• **DIRECTIONS FOR THIS TASK**
The material below includes pictures; leave them out and return only the lines between the line containing "Dom na sprzedaż" and the line containing "X-Men '97 Marvel", inclusive, word for word.

• **INFORMATION GIVEN**

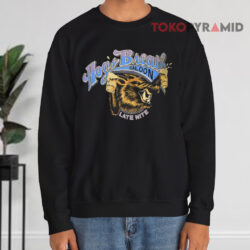Hog's Breath Saloon Late Nite Sweatshirt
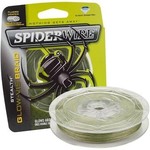 SpiderWire Stealth Glow-Vis Braid SCS65GV-125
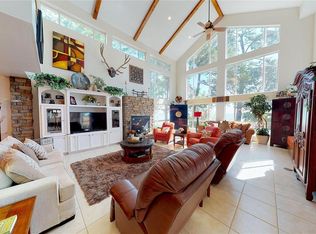 247 Sam Houston Loop, Pointblank, TX 77364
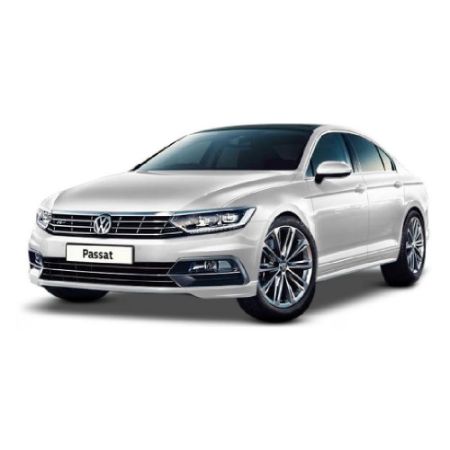 Picture for category Passat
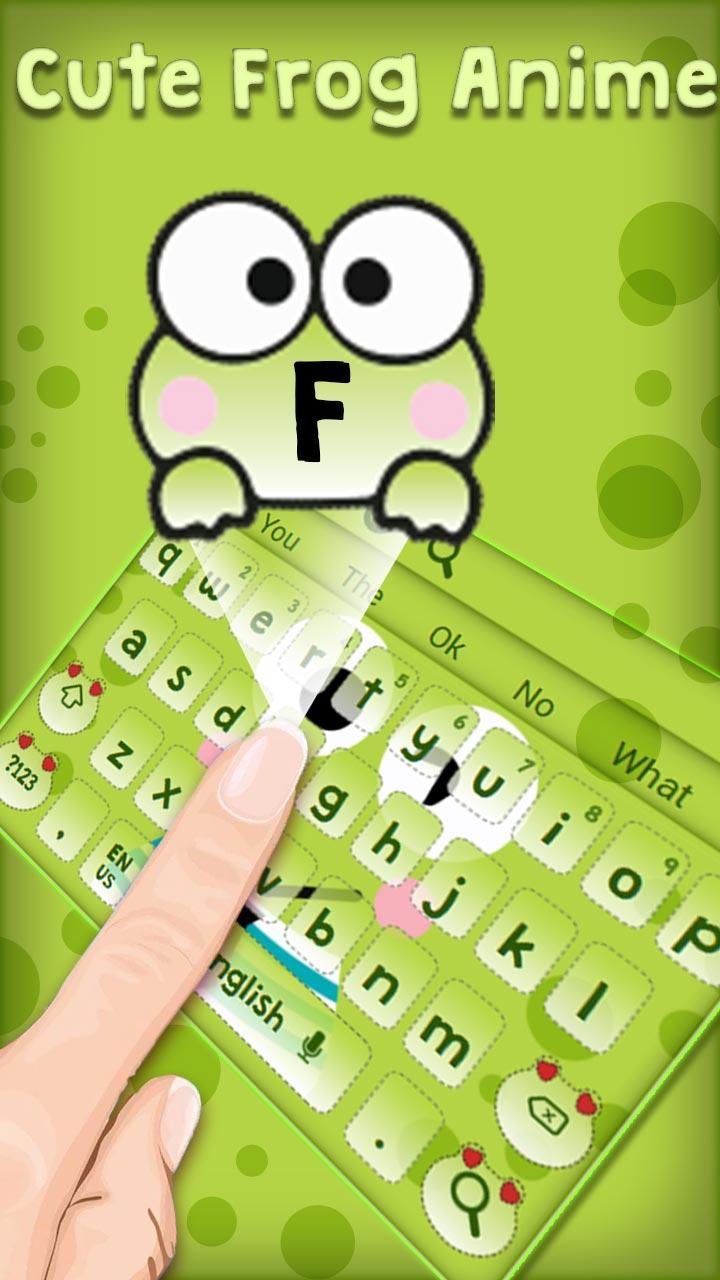 Detail Download Tema Keroppi For Android Nomer 30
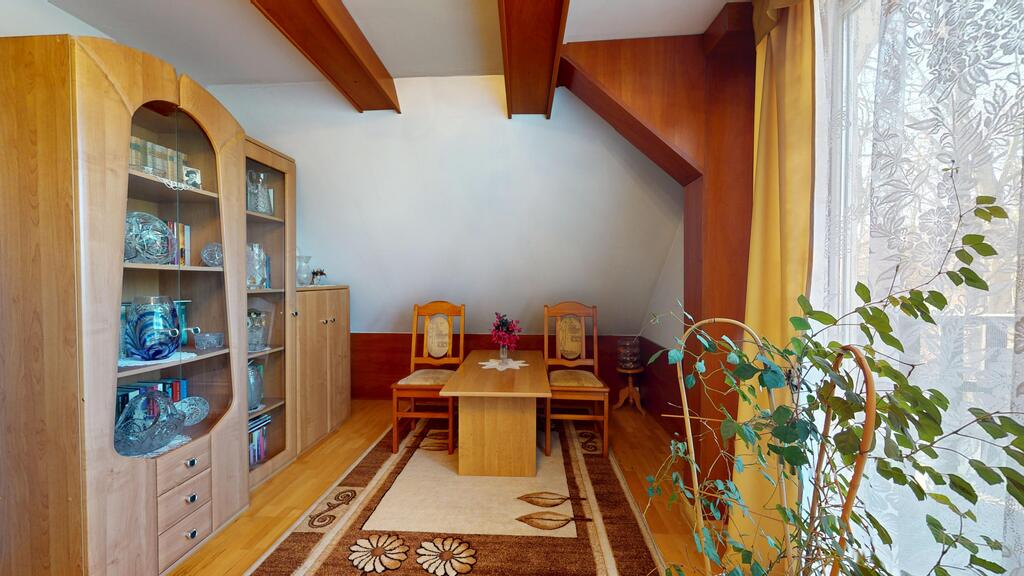 Dom na sprzedaż Czarna Łąka 178 m2 | Arka Nieruchomości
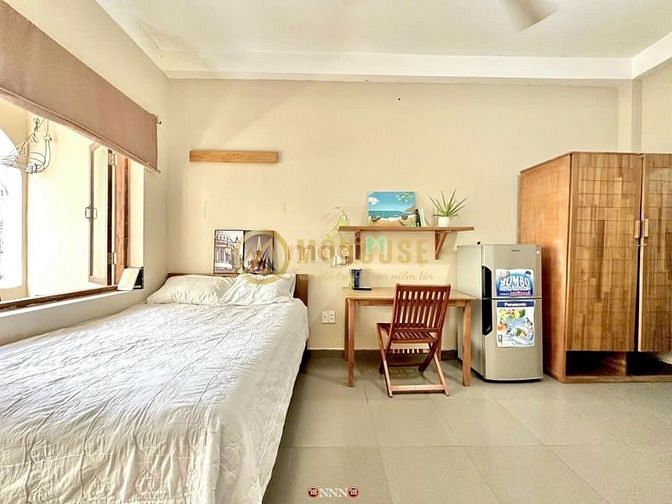 Hình ảnh 💫⚡️Căn Hộ Studio 1PN 🛵 Cầu Công Lý 📍Quận Phú Nhuận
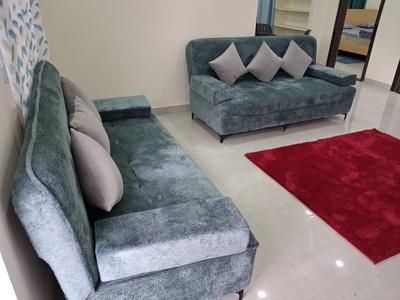 Hall Image of 3000 Sq.ft 3 BHK Independent House for sale in Hakimpet Secunderabad for Rs. 14900001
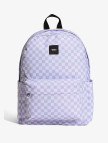 Vans Old Skool Grom Check Çocuk Mor Sırt Çantası Vans Old Skool Grom Check Çocuk Mor Sırt Çantası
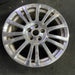 17" CRUZE 11-15 17x7, 15 spoke Original OEM Wheel Rim - Side Profile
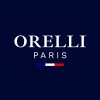 Orelli Paris logo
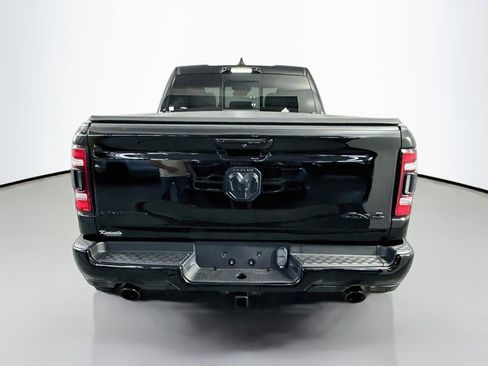Used 2021 RAM 1500 Limited w/ Night Edition AWD/4WD image 6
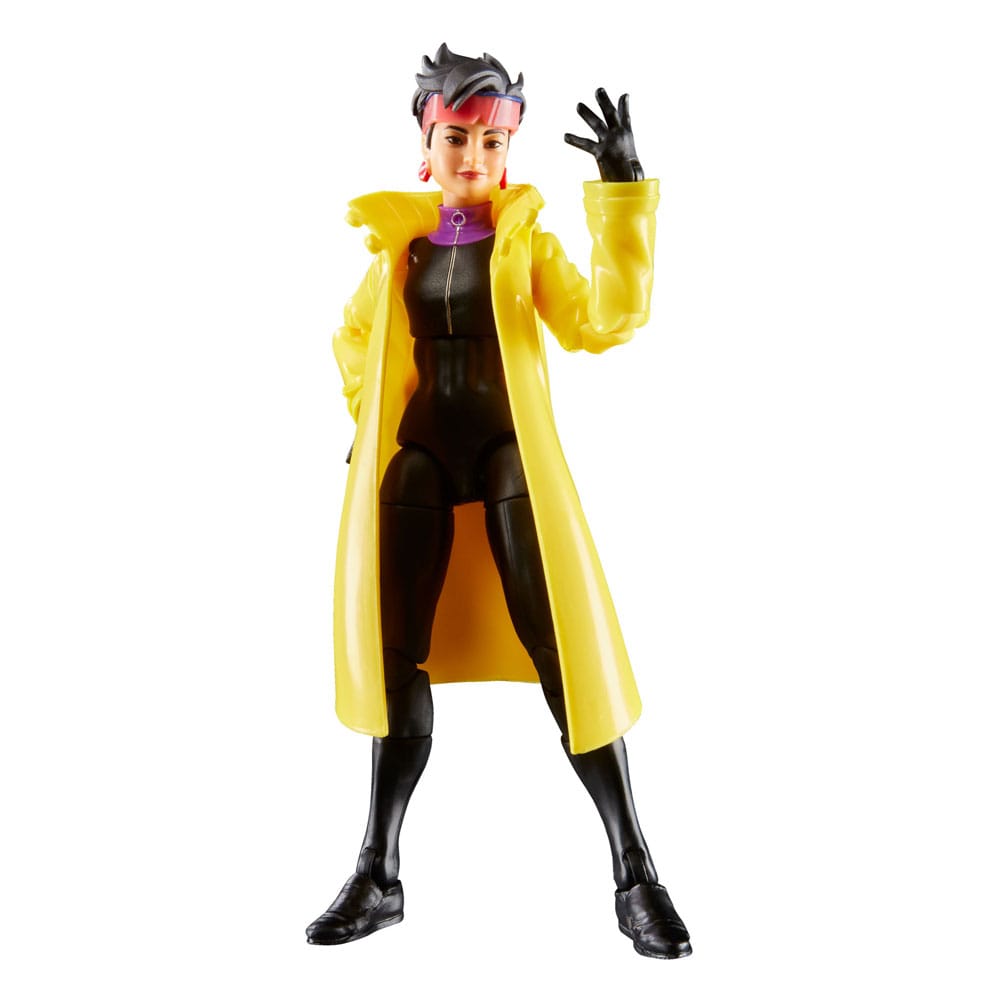 X-Men '97 Marvel Legends Actionfigur Jubilee 15 cm - Preorder - ETA: 25.11.2026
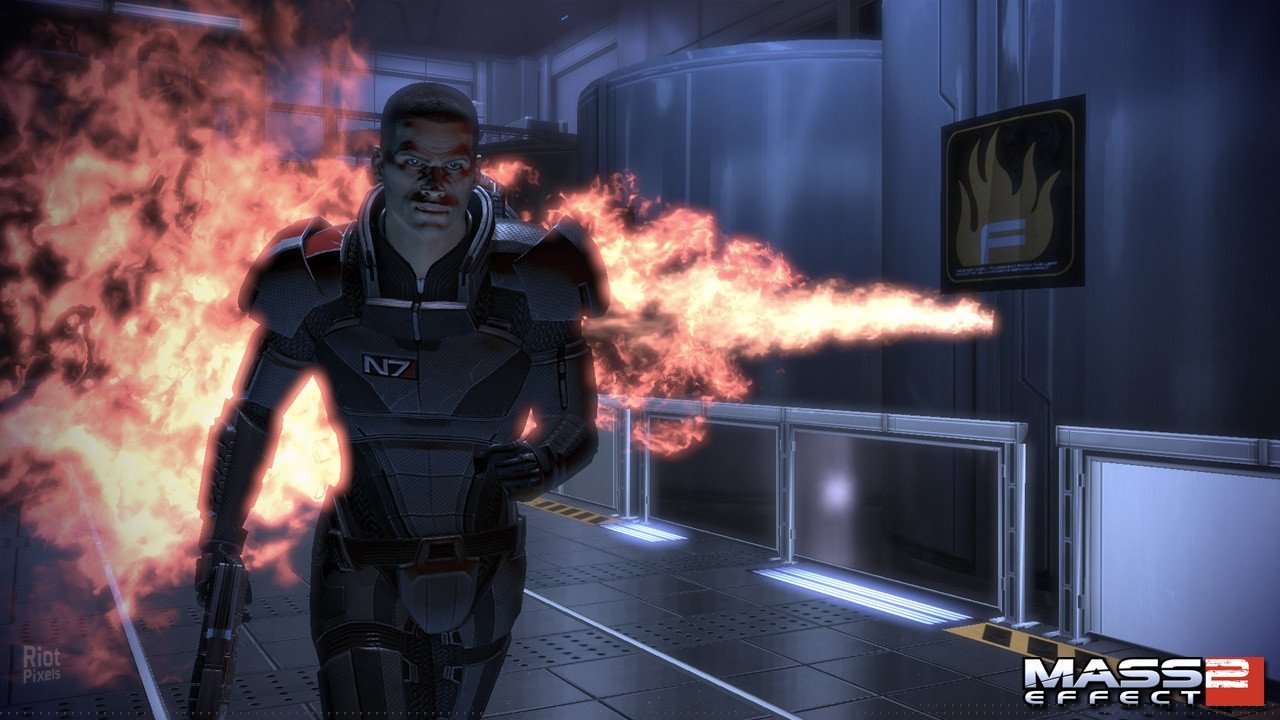 [16]-Mass Effect 2: Digital Deluxe Edition – v1.02 + DLC Bundle (All DLCs) Download-HohohoGames
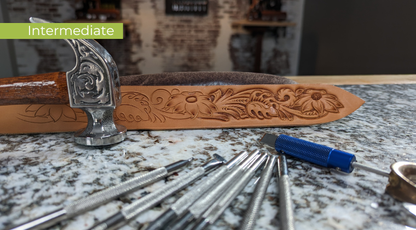 Master Belt Tooling and Tap-Off Techniques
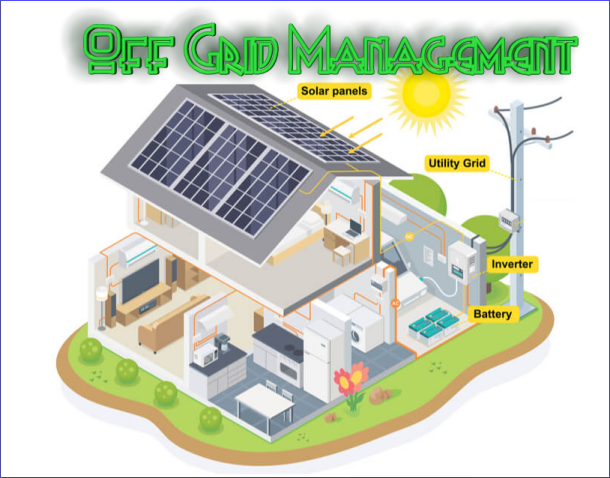 Impianti OffGrid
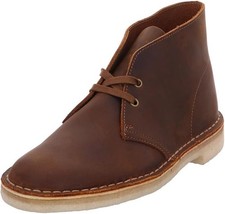 Clarks Desert Stiefel Herren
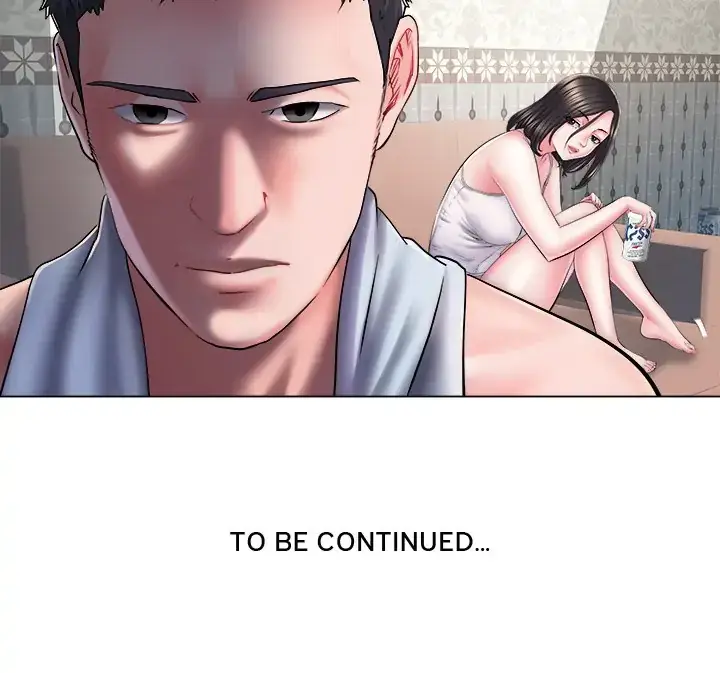 Salute! Chapter 6 page 105 - 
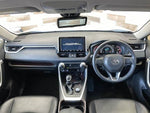 RAV4 4WD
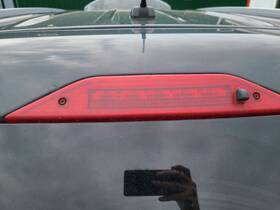 1200730 Ford Used Center High Mount Stop Light Fits 2008 Taurus X Grade A
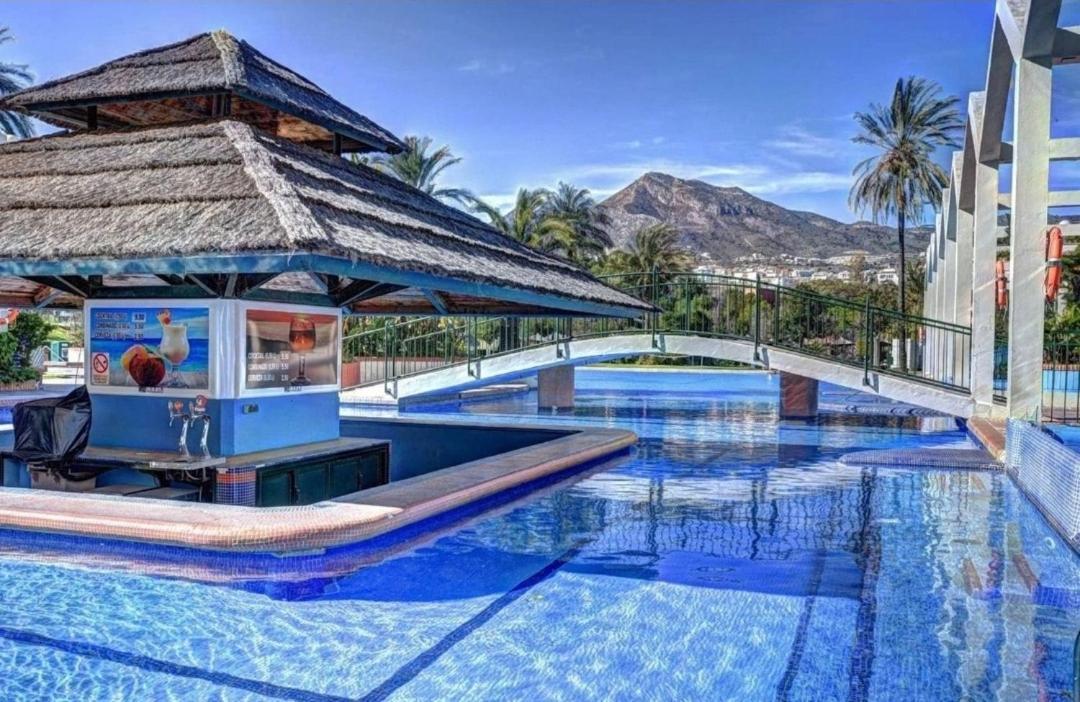 Benalbeach Estudio Premium Benalmadena Ngoại thất bức ảnh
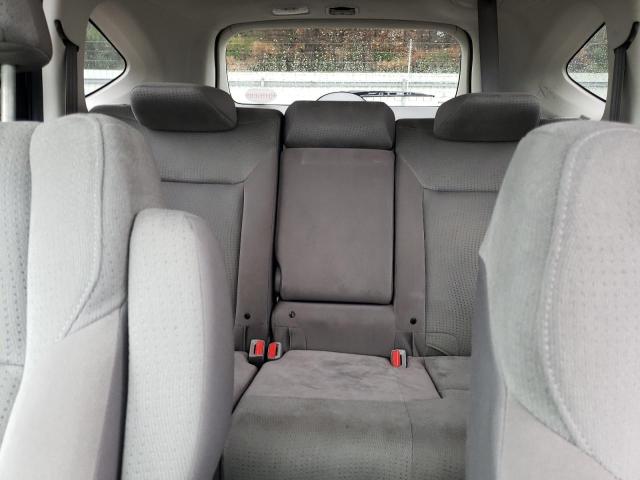 Photo 10 from auction – 2013 HONDA CR-V EX with VIN 2HKRM4H54DH610429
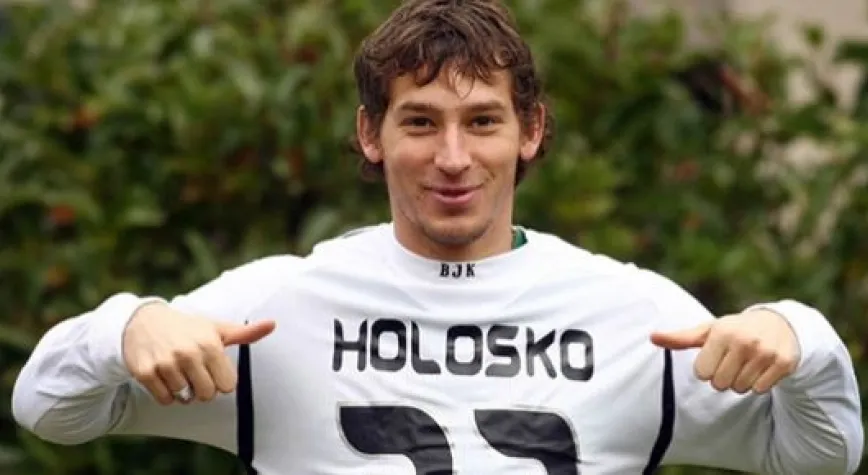 HOLOSKO “FEDA“ DEDİ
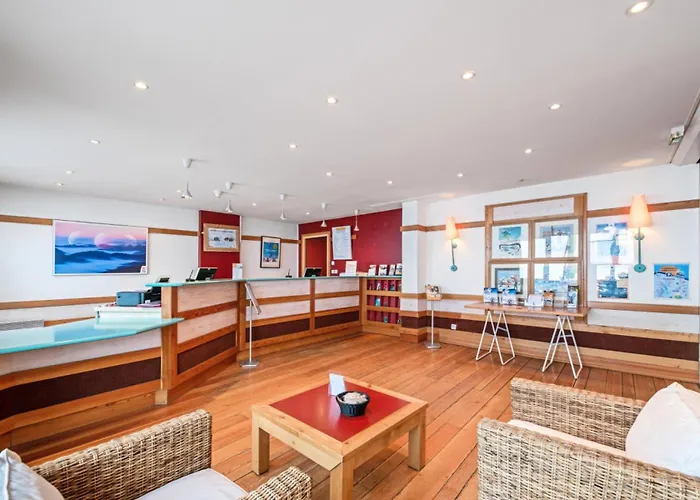 Le Montana - Maeva - 2 Pieces 6 Personnes - Selection Mae-9723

• **SOLUTION TO THIS EXERCISE**
 Dom na sprzedaż Czarna Łąka 178 m2 | Arka Nieruchomości
 Hình ảnh 💫⚡️Căn Hộ Studio 1PN 🛵 Cầu Công Lý 📍Quận Phú Nhuận
 Hall Image of 3000 Sq.ft 3 BHK Independent House for sale in Hakimpet Secunderabad for Rs. 14900001
 Vans Old Skool Grom Check Çocuk Mor Sırt Çantası Vans Old Skool Grom Check Çocuk Mor Sırt Çantası
 17" CRUZE 11-15 17x7, 15 spoke Original OEM Wheel Rim - Side Profile
 Orelli Paris logo
Used 2021 RAM 1500 Limited w/ Night Edition AWD/4WD image 6
 X-Men '97 Marvel Legends Actionfigur Jubilee 15 cm - Preorder - ETA: 25.11.2026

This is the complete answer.